Mrs Gates died on 23 July 1911, having been superintendent of the mission for 35 years. Her funeral took place four days later at the mission hall. The local press were full of praise for her ministry. Charles Spurgeon, the son of the preacher Charles Haddon Spurgeon, conducted her funeral service, at which she was described as "The Railwayman's Friend". There is a memorial plaque commemorating her inside the church, as well as one for John Peake Knight (1828–1886), inventor of the traffic light.

The mission gradually became more and more a local church, branching beyond its original outreach to railway workers. Nationally, most Railway Mission halls were formally became independent of the Railway Mission in the 1980s, and this happened at Brighton in July 1984, when the church changed its registered name to Calvary Evangelical Church. The church building was purchased from the Mission in 2014.

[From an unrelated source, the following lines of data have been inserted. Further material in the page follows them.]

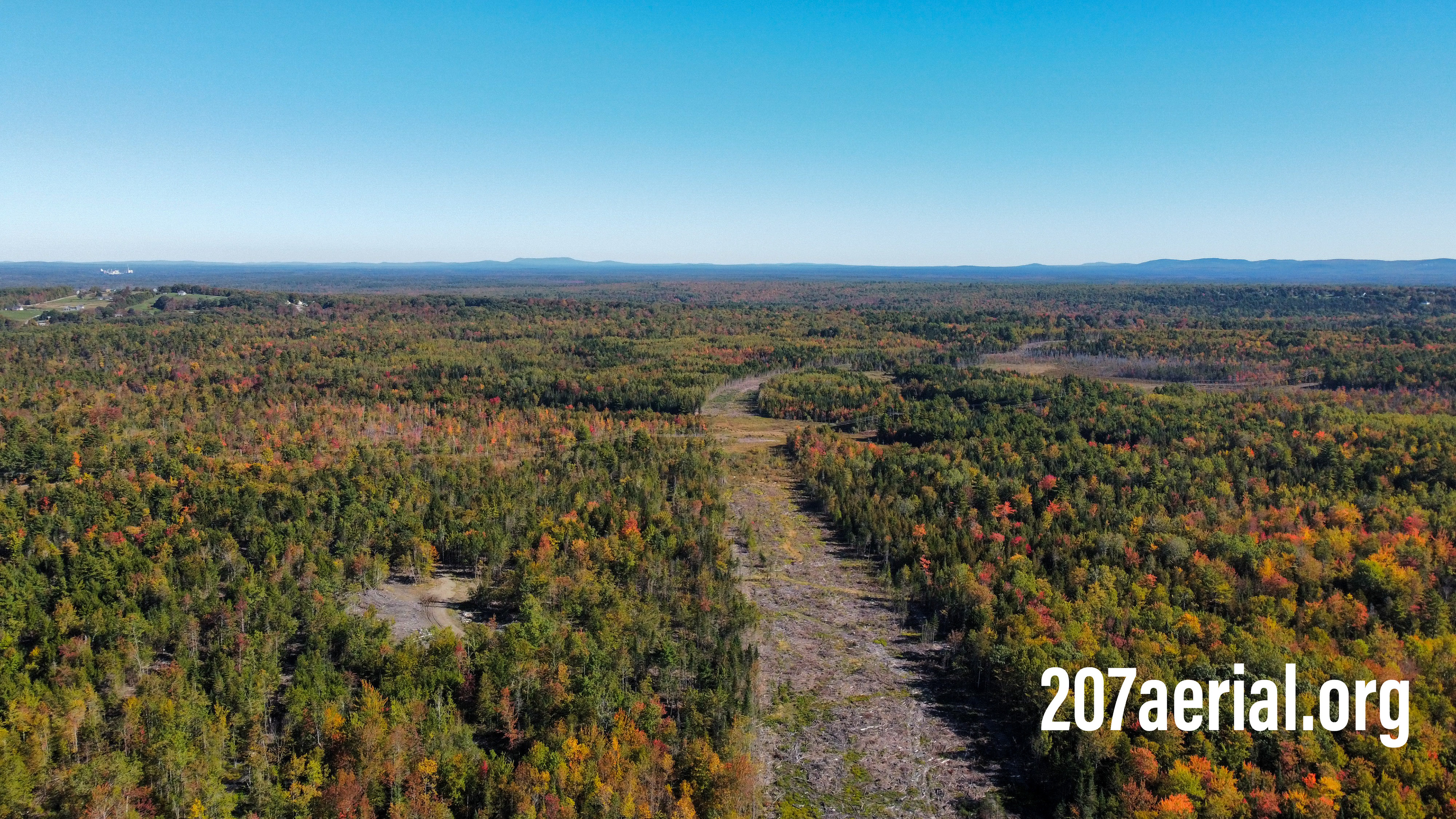 I-395 Route 9 Connector Project: clear cut path facing Eddington, Maine.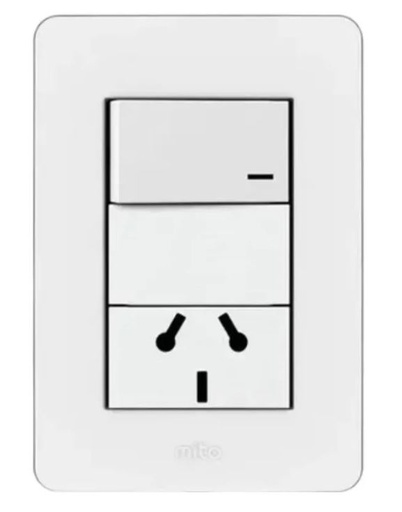 [JL32114/2] Llave Mito 1 punto + 1 toma 10A bin blanco - Jeluz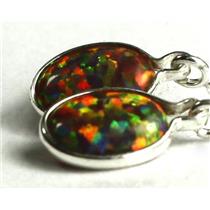 925 Sterling Silver Threader Earrings, Created Black Opal, SE005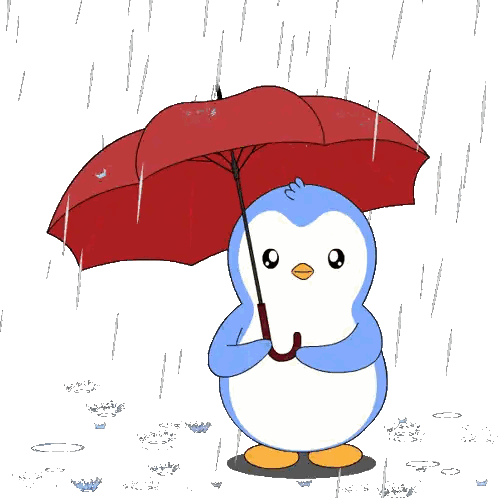 Black Penguin Holding Umbrella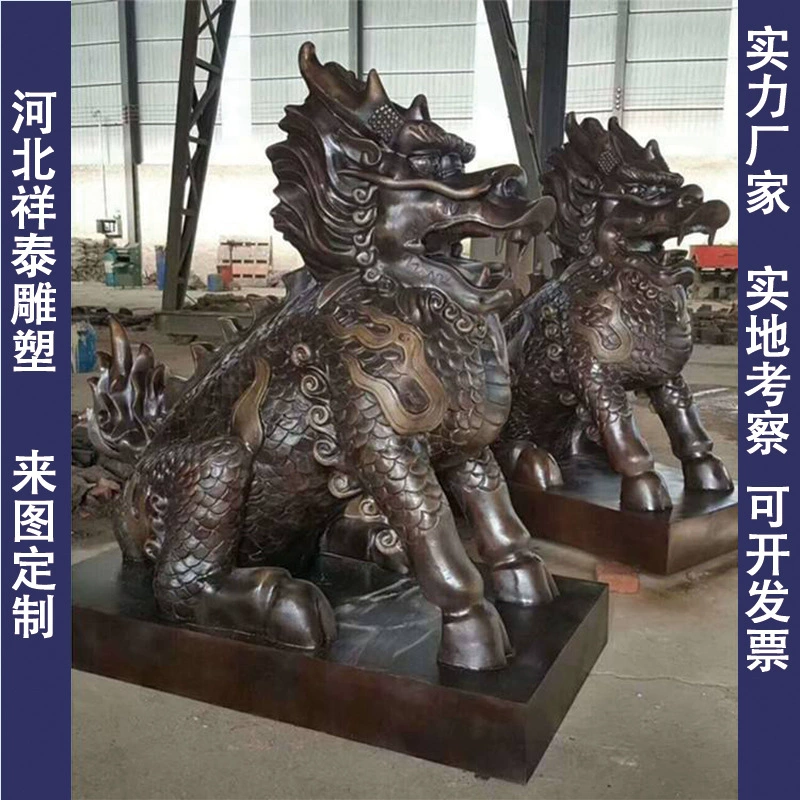 2 м чистая медная скульптура единорога для украшения отеля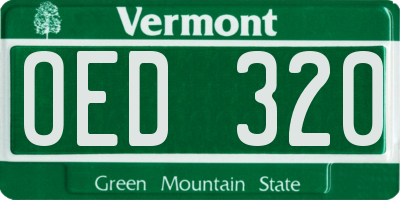 VT license plate OED320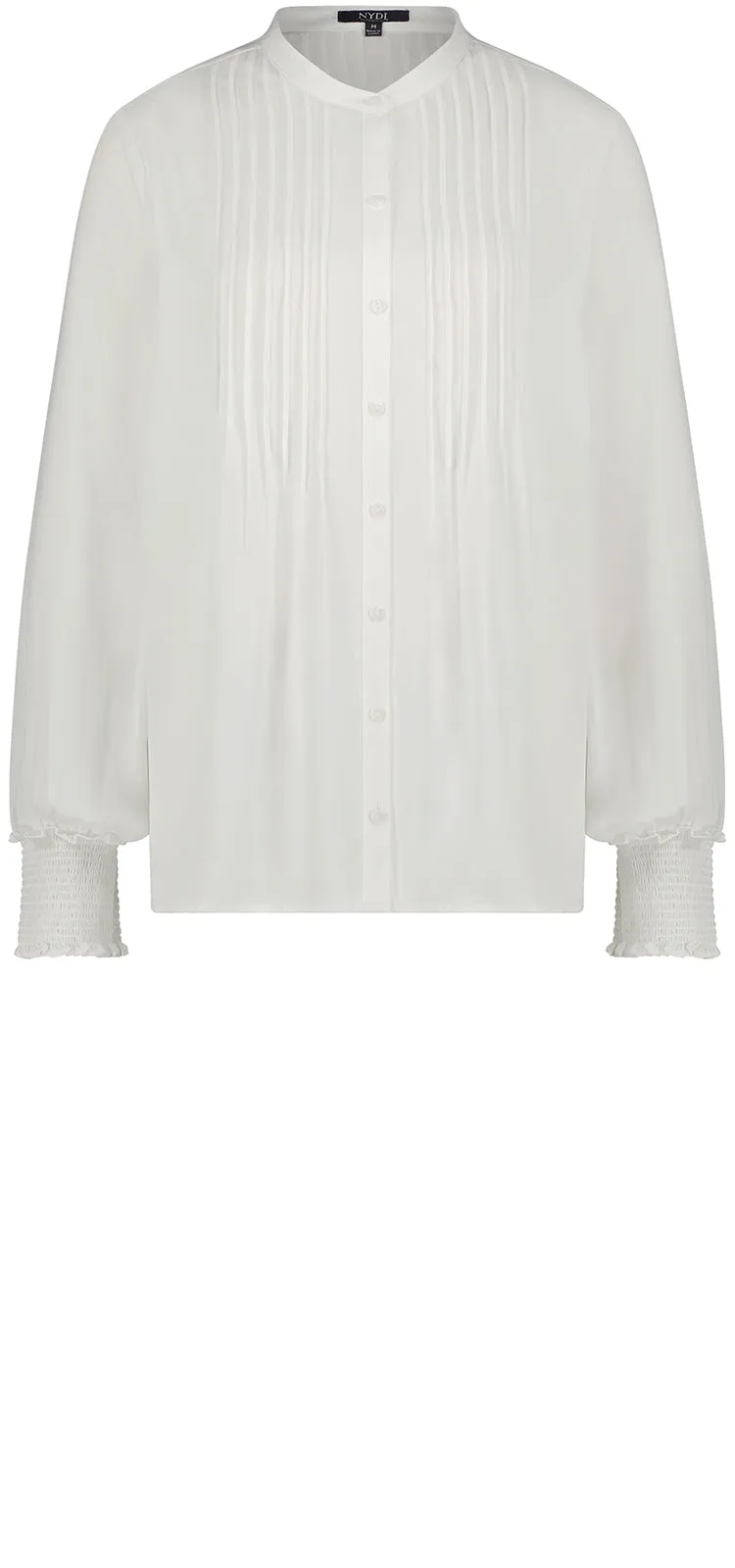 Pleated Peasant Blouse Wit | Optic White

Following the closure in 2006 of the Methodist church on London Road, Calvary Church let out the back of the building where the large Sunday school used to meet to the Brighton and Hove City Mission.

== Architecture ==
The mission hall was built in the Early English Gothic Revival style to the design of architect James Barnes. It has a symmetrical façade with its long wall parallel to Viaduct Road. The central section of the façade is gabled and has three tall lancet windows flanked by tall pyramidal finials. To each side are slightly recessed doorways with projecting entrance porch-like elements. A "curious" band of machicolations sits above these, giving the impression of "a toy castle". The brickwork is dark yellow. The words railway mission are inscribed below the lancet windows. Above each doorway is a figurehead decoration.

Brighton and Hove City Council added the mission hall to their local list of heritage assets in 2015, describing it as "a well-executed example of a modest late 19th-century chapel building [which] contribut[es] greatly to the street scene". It also noted that the façade is largely intact.

== Pastors ==
Since 1975, the church has been served by various pastors and, latterly, eldership teams:

- Les Hill (Elder 1975–1989)
- John Cropley (Full-time paid Elder 1983–1989)
- Philip Wells (1975 unpaid Elder, 1989–2022 Full-time paid Elder, 2023-present unpaid Elder))
- Rhod Thomas (unpaid Elder, retired in 2006)
- Chris Fry (unpaid Elder, died in 2020)
- Ben Alltimes (Elder, left in 2021)
- Jerome Peirson (Unpaid Elder, 2024–present)
- Daniel Chapallaz (Trainee Elder, September 2022; full-time paid Elder 2023–)

Notably, Pastor Philip Wells has been in leadership at the church for over 50 years. In 1975, he became an unpaid elder. From 1989, after the sudden death of Les Hill, he was employed full-time, a role he held until September 2022. He has remained an elder in the church since that time.

== The church today ==
The church is affiliated with the Sussex Gospel Partnership and the Fellowship of Independent Evangelical Churches, the latter since 2008, but has no formal denominational links. Its theology is broadly Calvinist.

The church is still active in its ministry today. Two services are held every Sunday, at 11 a.m. and 6:30 p.m., with a variety of ages and nationalities present. The morning services attract between 60 and 90 people, whilst the evenings tend to be smaller, with around 20 to 30 people present. There is an active Sunday school ministry and a monthly youth group. During the week, there are prayer meetings, Bible studies, men's and women's breakfasts, and a ladies' craft group. The church also seeks to reach out to the area with various events taking place throughout the year.

The church has a strong emphasis on word ministry. The sermons are the heart of the service and are usually expository in style, working through books of the Bible. There is a strong tradition of hymn singing, both old and new.